**Problem to solve:** Each entry below should be reproduced character for character.

(Dataset excerpts)
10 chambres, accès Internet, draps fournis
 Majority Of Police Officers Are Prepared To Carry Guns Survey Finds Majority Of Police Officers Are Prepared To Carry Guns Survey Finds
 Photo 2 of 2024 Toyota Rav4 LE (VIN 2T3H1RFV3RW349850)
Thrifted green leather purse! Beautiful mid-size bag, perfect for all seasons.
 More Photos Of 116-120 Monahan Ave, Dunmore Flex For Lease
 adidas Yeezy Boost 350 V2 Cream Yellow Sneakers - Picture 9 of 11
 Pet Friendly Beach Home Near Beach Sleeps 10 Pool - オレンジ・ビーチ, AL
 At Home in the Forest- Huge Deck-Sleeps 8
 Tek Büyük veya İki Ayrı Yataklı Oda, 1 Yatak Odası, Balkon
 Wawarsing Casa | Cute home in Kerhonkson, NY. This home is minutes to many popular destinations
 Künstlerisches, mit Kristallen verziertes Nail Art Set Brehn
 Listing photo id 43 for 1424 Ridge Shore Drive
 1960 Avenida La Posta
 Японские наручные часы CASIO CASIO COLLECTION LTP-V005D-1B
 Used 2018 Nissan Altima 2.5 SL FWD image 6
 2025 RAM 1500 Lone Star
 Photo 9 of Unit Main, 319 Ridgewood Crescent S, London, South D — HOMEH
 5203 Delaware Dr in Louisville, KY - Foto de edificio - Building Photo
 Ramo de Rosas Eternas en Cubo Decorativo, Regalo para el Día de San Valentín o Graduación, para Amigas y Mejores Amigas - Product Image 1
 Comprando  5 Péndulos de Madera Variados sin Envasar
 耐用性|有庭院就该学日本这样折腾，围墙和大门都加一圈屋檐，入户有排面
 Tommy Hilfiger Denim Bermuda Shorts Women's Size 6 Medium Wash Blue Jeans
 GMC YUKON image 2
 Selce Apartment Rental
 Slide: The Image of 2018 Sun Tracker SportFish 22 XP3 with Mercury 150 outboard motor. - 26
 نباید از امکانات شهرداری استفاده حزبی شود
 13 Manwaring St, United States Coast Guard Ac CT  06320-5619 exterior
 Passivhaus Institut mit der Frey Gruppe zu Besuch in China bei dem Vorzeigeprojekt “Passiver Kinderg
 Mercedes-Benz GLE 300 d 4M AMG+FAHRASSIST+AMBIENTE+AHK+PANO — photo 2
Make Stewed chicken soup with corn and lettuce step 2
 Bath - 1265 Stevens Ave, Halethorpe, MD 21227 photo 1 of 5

**Response area:**
10 chambres, accès Internet, draps fournis
 Majority Of Police Officers Are Prepared To Carry Guns Survey Finds Majority Of Police Officers Are Prepared To Carry Guns Survey Finds
 Photo 2 of 2024 Toyota Rav4 LE (VIN 2T3H1RFV3RW349850)
Thrifted green leather purse! Beautiful mid-size bag, perfect for all seasons.
 More Photos Of 116-120 Monahan Ave, Dunmore Flex For Lease
 adidas Yeezy Boost 350 V2 Cream Yellow Sneakers - Picture 9 of 11
 Pet Friendly Beach Home Near Beach Sleeps 10 Pool - オレンジ・ビーチ, AL
 At Home in the Forest- Huge Deck-Sleeps 8
 Tek Büyük veya İki Ayrı Yataklı Oda, 1 Yatak Odası, Balkon
 Wawarsing Casa | Cute home in Kerhonkson, NY. This home is minutes to many popular destinations
 Künstlerisches, mit Kristallen verziertes Nail Art Set Brehn
 Listing photo id 43 for 1424 Ridge Shore Drive
 1960 Avenida La Posta
 Японские наручные часы CASIO CASIO COLLECTION LTP-V005D-1B
 Used 2018 Nissan Altima 2.5 SL FWD image 6
 2025 RAM 1500 Lone Star
 Photo 9 of Unit Main, 319 Ridgewood Crescent S, London, South D — HOMEH
 5203 Delaware Dr in Louisville, KY - Foto de edificio - Building Photo
 Ramo de Rosas Eternas en Cubo Decorativo, Regalo para el Día de San Valentín o Graduación, para Amigas y Mejores Amigas - Product Image 1
 Comprando  5 Péndulos de Madera Variados sin Envasar
 耐用性|有庭院就该学日本这样折腾，围墙和大门都加一圈屋檐，入户有排面
 Tommy Hilfiger Denim Bermuda Shorts Women's Size 6 Medium Wash Blue Jeans
 GMC YUKON image 2
 Selce Apartment Rental
 Slide: The Image of 2018 Sun Tracker SportFish 22 XP3 with Mercury 150 outboard motor. - 26
 نباید از امکانات شهرداری استفاده حزبی شود
 13 Manwaring St, United States Coast Guard Ac CT  06320-5619 exterior
 Passivhaus Institut mit der Frey Gruppe zu Besuch in China bei dem Vorzeigeprojekt “Passiver Kinderg
 Mercedes-Benz GLE 300 d 4M AMG+FAHRASSIST+AMBIENTE+AHK+PANO — photo 2
Make Stewed chicken soup with corn and lettuce step 2
 Bath - 1265 Stevens Ave, Halethorpe, MD 21227 photo 1 of 5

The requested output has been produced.